Otherwise you'll end up serving stale data that might be several minutes out of date.

Ah, longer caching is the factor with web I always forget after focusing on apps / games. Thanks for pointing it out.
So many times I see people handing out a root password to edit /etc/password. Sure, it may be crazy for performance but, even a trivial number of users and aliases are more easily managed with a remote mysql client. Everyone that has used postfix in a production environment knows the pain otherwise, the rest feel free to vote down.
There are practically countless ways to delegate management of mailboxes and users without granting root. That's not even a hard problem to solve, and certainly not one that justifies introducing a hugely complex additional variable to the equation.

Anyway, I'm not saying "never use MySQL for mail users" (though, I think the percentage of deployments where it makes sense is closer to none than it is to one), I'm just trying to make the point that MySQL is, in some folks minds, a magical solution to performance problems. Often, it not only introduces needless complexity, it won't even improve performance. It's a classic example of "when all you have is a hammer, everything starts to look like a nail". MySQL is a very fine hammer. It just isn't the right tool for every job.
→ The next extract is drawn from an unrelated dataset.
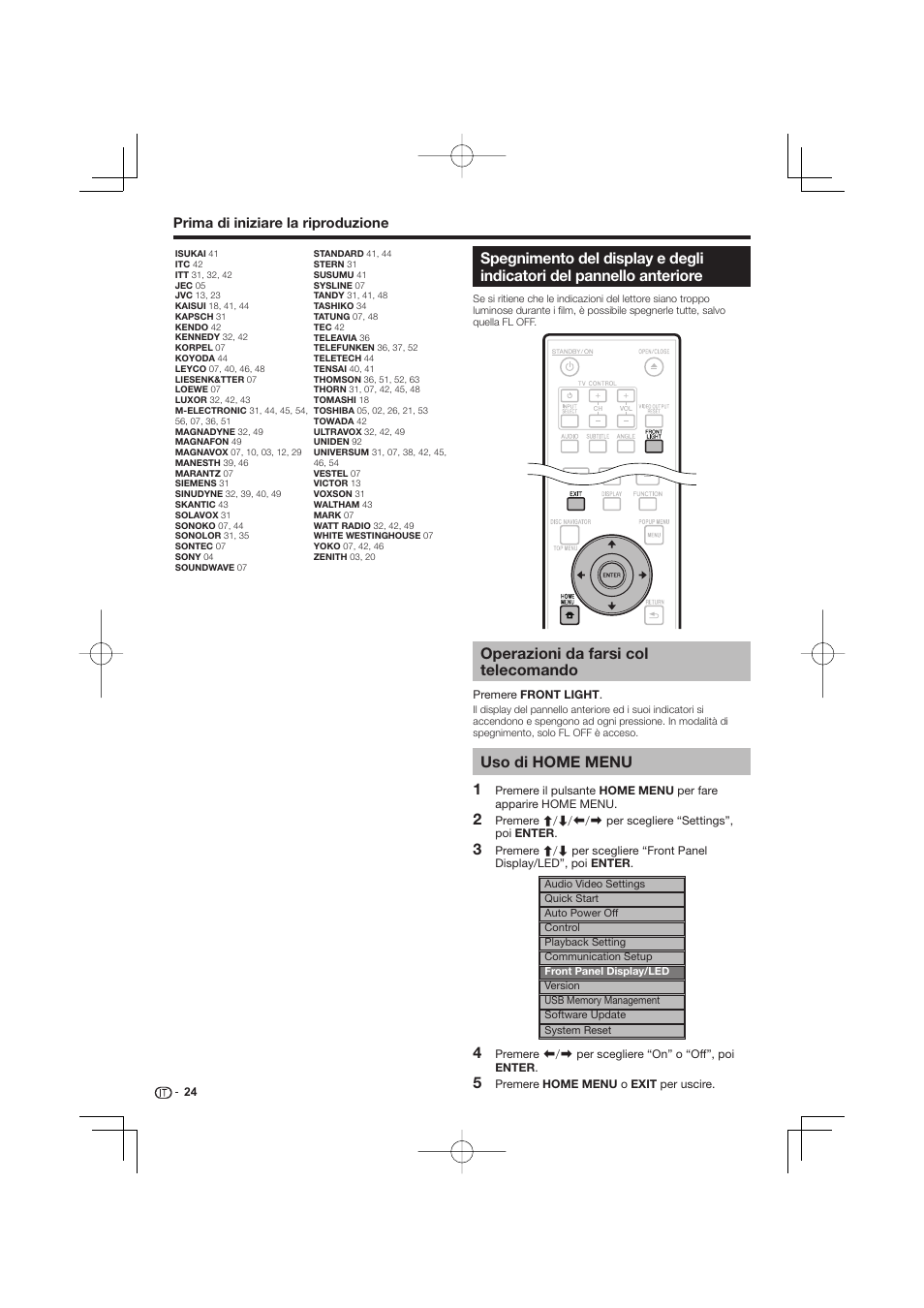 Spegnimento del display e degli indicatori del, Pannello anteriore | Pioneer BDP-333 User Manual | Page 146 / 304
The article we're talking about is another case where a little knowledge is a dangerous thing. A desktop app serving one user with a tiny data set (as I understand it, we're talking about the metadata for a person's music collection) is exactly the right workload for SQLite. I'd be shocked if a naive port to MySQL were faster (though they acknowledge that there's room for query optimization), and not at all surprised if it were slower. And, I know it'll require more memory and disk space for the same working set.

> So many times I see people handing out a root password to edit /etc/password.

Shouldn't user groups give a bit more accountability there?

The next step up is userdb though, not MySql
Why MySQL and not LDAP?
> Also, I don't even want to try to imagine shipping an installable desktop application for non-technical users that relies on MySQL!

Amarok music player on KDE linux desktop environment (at least on version 3.5) kept the music collection metadata in database. You could choose sqlite, mysql or postgress during installation if I remember correctly. It worked ok, because of the package system.

I guess if you used separately installed databases there would be some conflicts, though.

Not faster perhaps but with sqlite3 I had locking issues and after I switched to mysql I don't. It's really that simple. The app was used by a small office of 40 people at first, then started being used by close to a hundred people and that's when the locking errors began.
That's a pretty big difference in scale. The app in the original article seems to be a desktop application, not a client/server system with many users. There's plenty of use cases where MySQL (or PostgreSQL) is a great choice. Yours is probably one of them.
Were you using wal mode with sqlite? It helps a lot with locking.
I don't even know what it is so I wish I had looked it up first but now it's too late. Also mysql will aide in later replicating the application between different locations to ensure availability for each office.
Yeah the WAL basically makes "concurrent processes reading/writing to the same database" work magically, where as without you'll get all sorts of issues and timeouts. I don't know why it isn't enabled by default, or at least more prominently advertised as an option.
Initially, WAL mode was off by default because older versions of SQLite do not support it, and it is a property of the database file. Thus, a database created in WAL mode would be unreadable by older SQLites. But WAL has been available for 6 years now, so it might be reasonable to make it the default. We will take your suggestion under consideration. Thanks.
Kodi media player uses mysql and runs on most platforms. As an end user mysql is completely invisible
No, Kodi uses SQLite internally (I've fixed garbage in its databases with the sqlite CLI tool before). It does also support external MySQL, though.